No, this is not a known issue. What you saw is probably for jetson nano.

Please understand that if the SoC is different, then the issue is different. Your nvgpu error is not a known issue.

Is reflashing the board an option to you?

Also, what is the target BSP you are upgrading with apt-get upgrade? rel-32.5 or rel-32.6? or you don’t know the BSP will be upgraded?

Hi WayneWWW

I have some good updates. First, to answer your question:

Right now, the nvidia-l4t-core, after the update, shows 32.4.4-20201016123640.

I have successfully brought back the GUI and can see the login screen now. I reinstalled most of the UI-related packages and restarted the gdm3. However, I am in a login loop now and still couldn’t see the desktop. Working on it right now.

Archer

I am actually able to login but only with the Unity or GNOMEclassic option. The login loop persists when I pick other two options (GNOME on Xorg and ubuntu) (Picture attached below). I think I don’t need to re-flash since the unity one works as before, but I have some following questions:

  1. Is it possible to bypass this screen? My remote access can only establish connection when I login with Unity option.
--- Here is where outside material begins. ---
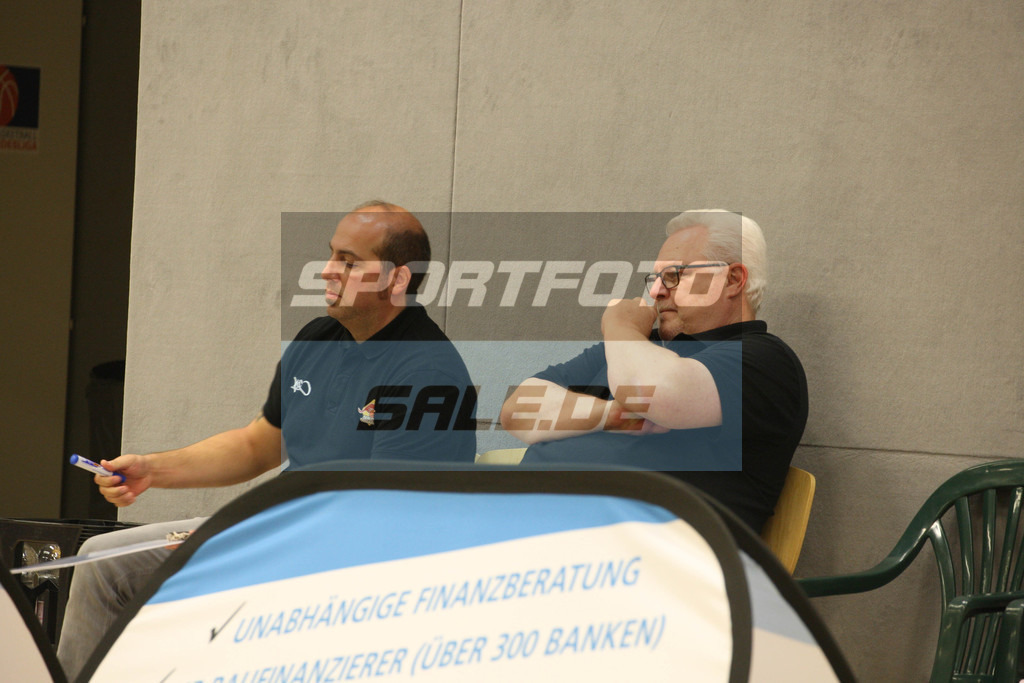 Iserlohn Kangaroos - Phoenix Hagen | Trainer Dennis Shirvan und Manager Michael Dahmen - Realisiert mit Pictrs.com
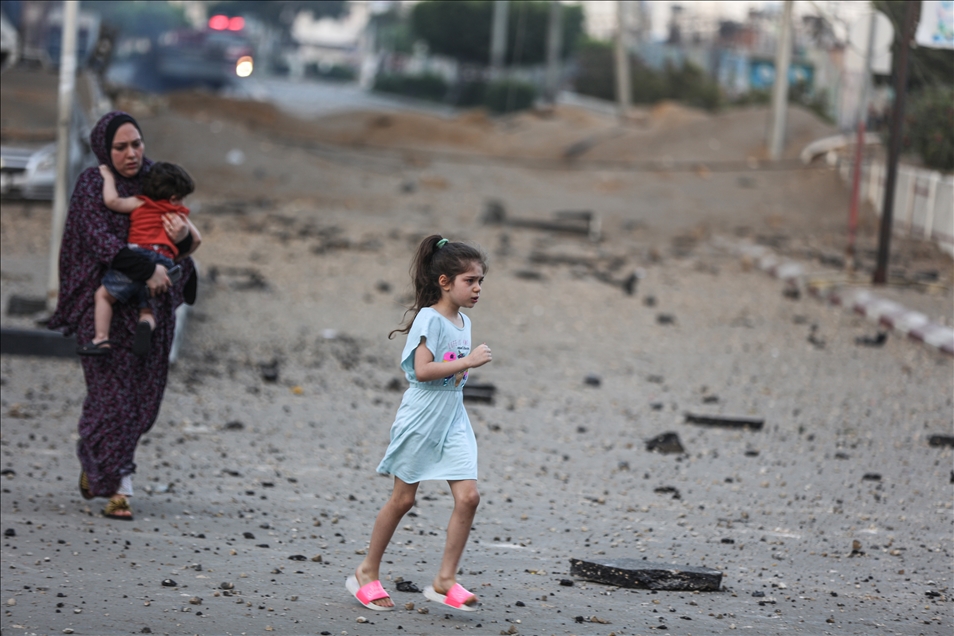 İsrail'in Gazze'ye hava saldırıları sürüyor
  2. I found some posts saying GNOME related to ubuntu desktop. Is it safe to remove GNOME (i.e. remove the other 3 login options) if I just want to use the old unity desktop?

To anyone interested in this problem:

I logged into the Unity desktop and disabled the automatic login then re-enabled it. I can now skip the login screen. I may leave the GNOME components for now just to not cause additional issues.

This topic was automatically closed 14 days after the last reply. New replies are no longer allowed.